In a disparate world, children are a unifying force capable of bringing us all together in support of a common ethic.
This activity uses diamond ranking to promote discussion about the Convention on the Rights of the Child (CRC), including:
• Fundamental human rights and the special rights of the child under the CRC
• Duties and responsibilities under the Convention
• How to claim the rights
- Related rights
• The rights of the child (all)
• The right to express freely views on all matters affecting him/her
• The right to protection from economic exploitation
• The right to rest and leisure and to enjoy his / her own culture
• To provide knowledge about the Convention on the Rights of the Child (CRC)
• To develop skills to review information critically and relate it to everyday experience
• To stimulate feelings of responsibility, solidarity, justice and equality
• Statement cards - one set per small group
• A large sheet of paper to make a wall chart and marker pens
• Enough space for small groups to work independently
• Refer to the abridged version of the CRC . List the Articles on the large sheet of paper to make a wall chart.

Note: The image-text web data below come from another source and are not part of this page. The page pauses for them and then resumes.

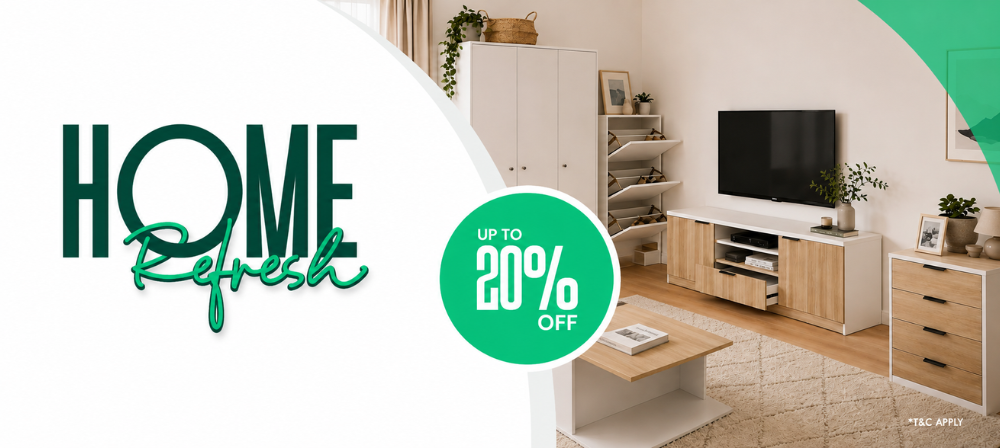 Home Refresh upto 20% OFF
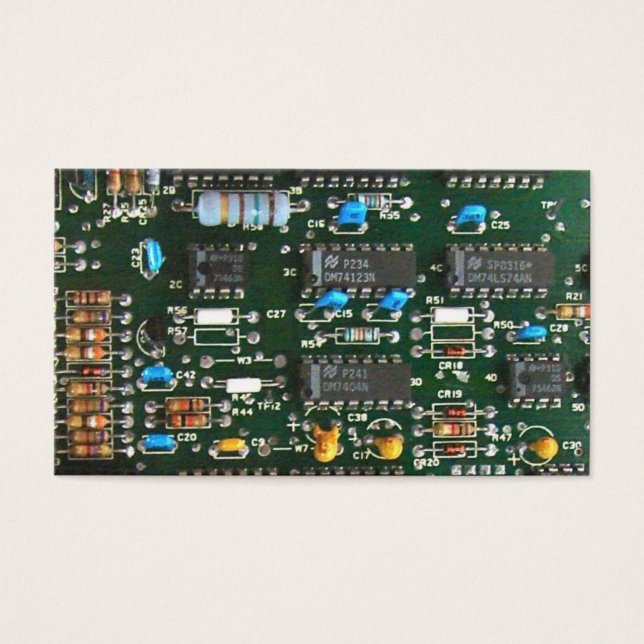 Ordinateur Électronique Carte de circuits imprimés (Devant)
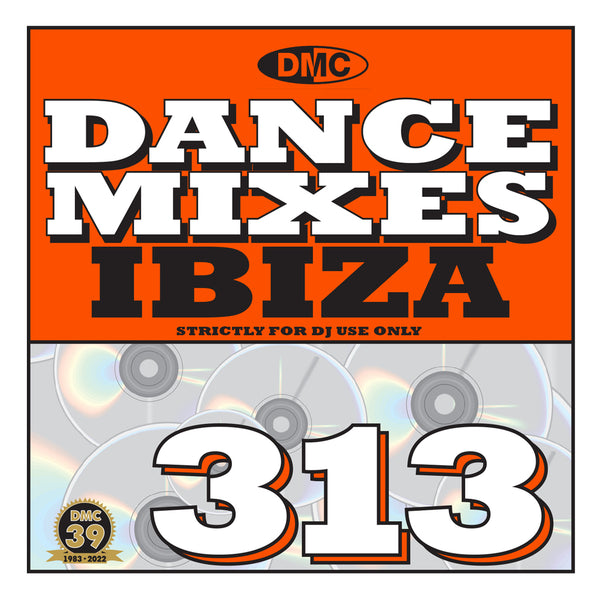 DMC DANCE MIXES 313 IBIZA - October 2022 release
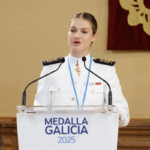 Admitido a trámite o recurso contra a concesión da Medalla de Galicia á princesa Leonor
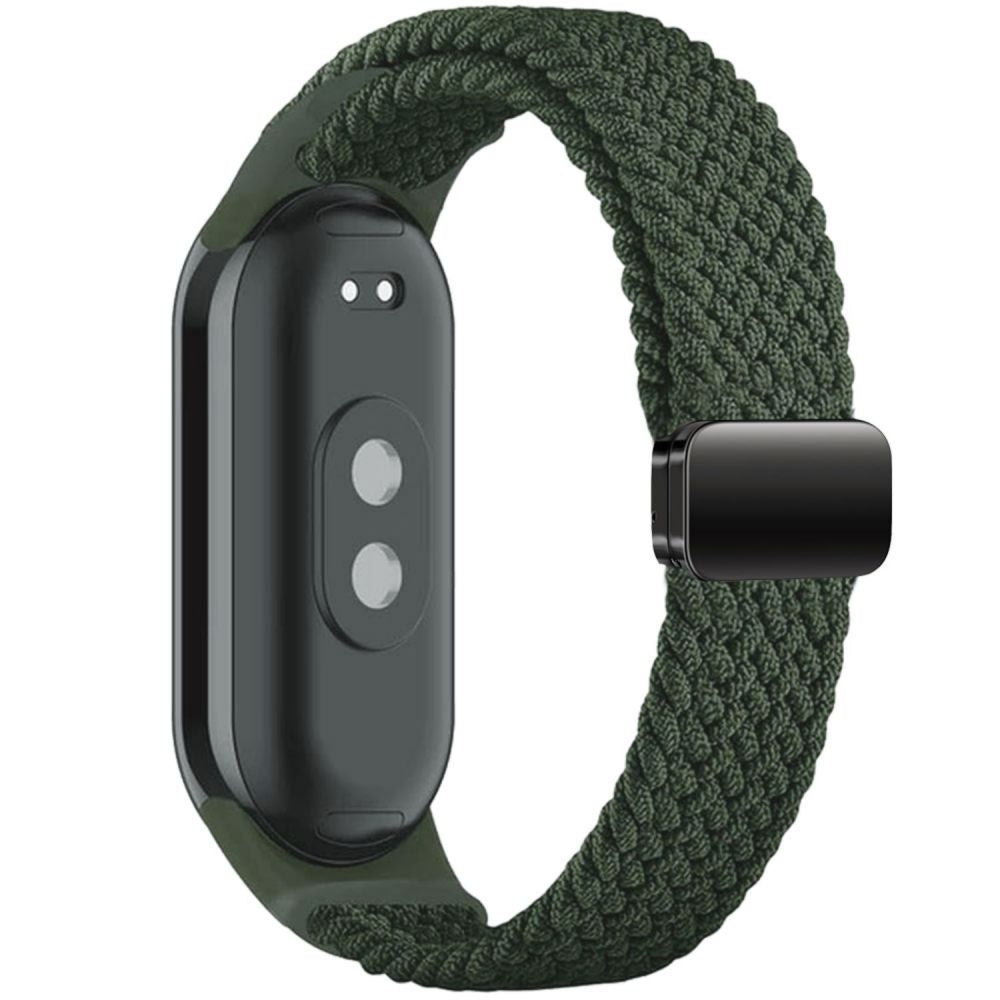 BRACELET TECH-PROTECT NYLONMAG XIAOMI SMART BAND 8 / 9 / NFC HUNTER GREEN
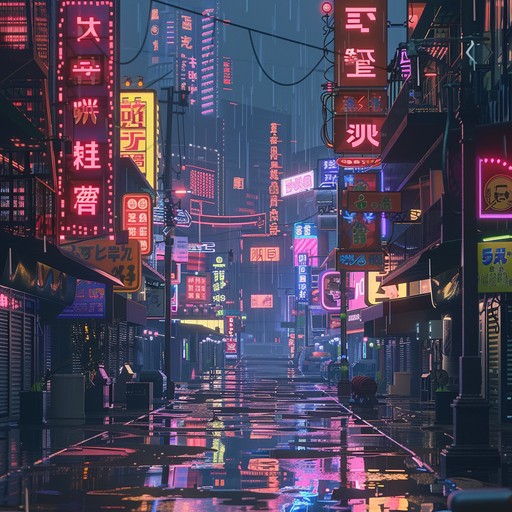 Engage in a pixelated escape through a futuristic city with bright, hopeful synths guiding your way to an optimistic conclusion bathed in neon light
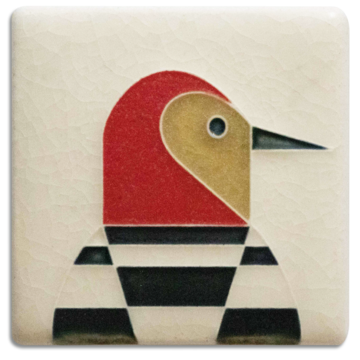 Woodpecker Mini Tile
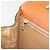 Céline Borsa CELINE Macadam Canvas PVC Pelle Marrone Oro Auth 182108 D'oro - vista 22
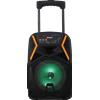 PRIME3 Altoparlante Prime3 Blaze APS22 Wireless/bluetooth e karaoke/AUX/radio FM 1600W Nero [UGPIMBAPS220000]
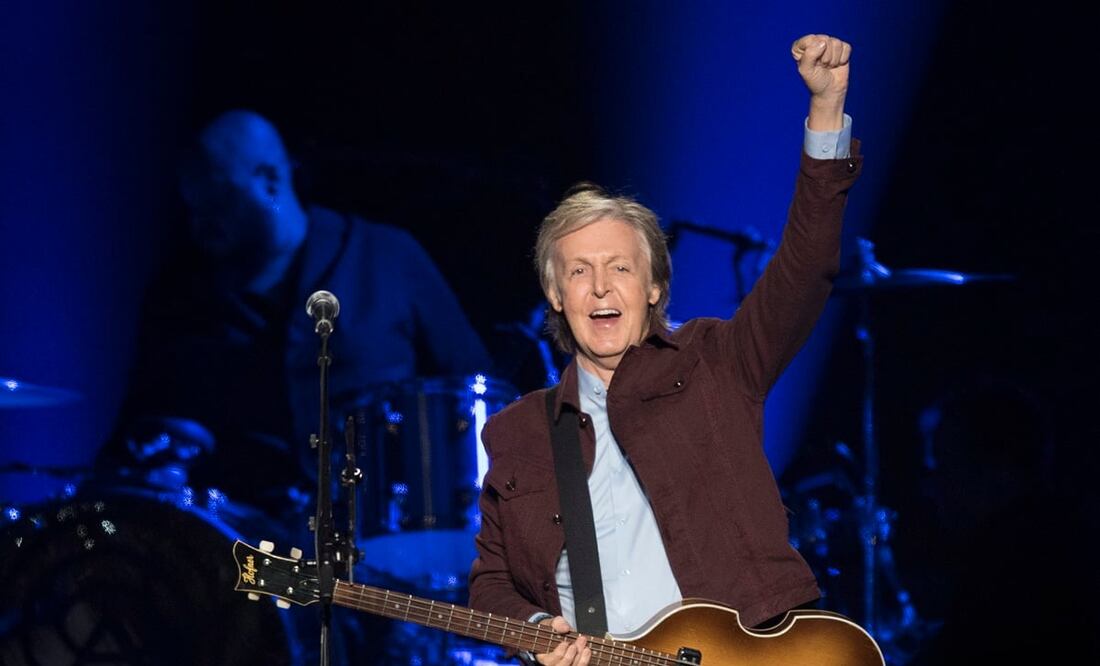 Paul McCartney. Foto: AP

• Review the statement cards provided below and refer to the CRC. Decide which Articles will promote the most interesting discussion with your particular group. Consider which issues are most relevant to the group members and which will be the most controversial. If appropriate, choose other Rights and make your own cards.
• Prepare one set of cards for each small group. Put each set in an envelope so that they don't get mixed up!
- 20 NovemberUniversal Children's Day
1. Start with a brief review of the CRC. Ask what people know about it. Point out the wall chart and go over the main Articles.
2. Ask participants to get into small groups of three to four people. Hand out the envelopes with the statement cards.
3. Explain the diamond ranking procedure. Each small group is to discuss the nine statements and consider how relevant each one is to their own lives. They should then arrange them in a diamond pattern in order of importance to them. They should lay the most important statement on the table. Underneath it, they should lay, side by side, the two next most important statements. Underneath these, they should lay out the next three statements of moderate importance. The fourth row should have two cards and the fifth row one card, the statement that they thought was the least important. In this way the cards will lie in the shape of a diamond.
4. Give the groups 25 minutes to discuss and decide the order of ranking.
5. When all the small groups have finished, let people walk around the room to see how each group ranked the statements. Then call everyone into plenary for a debriefing.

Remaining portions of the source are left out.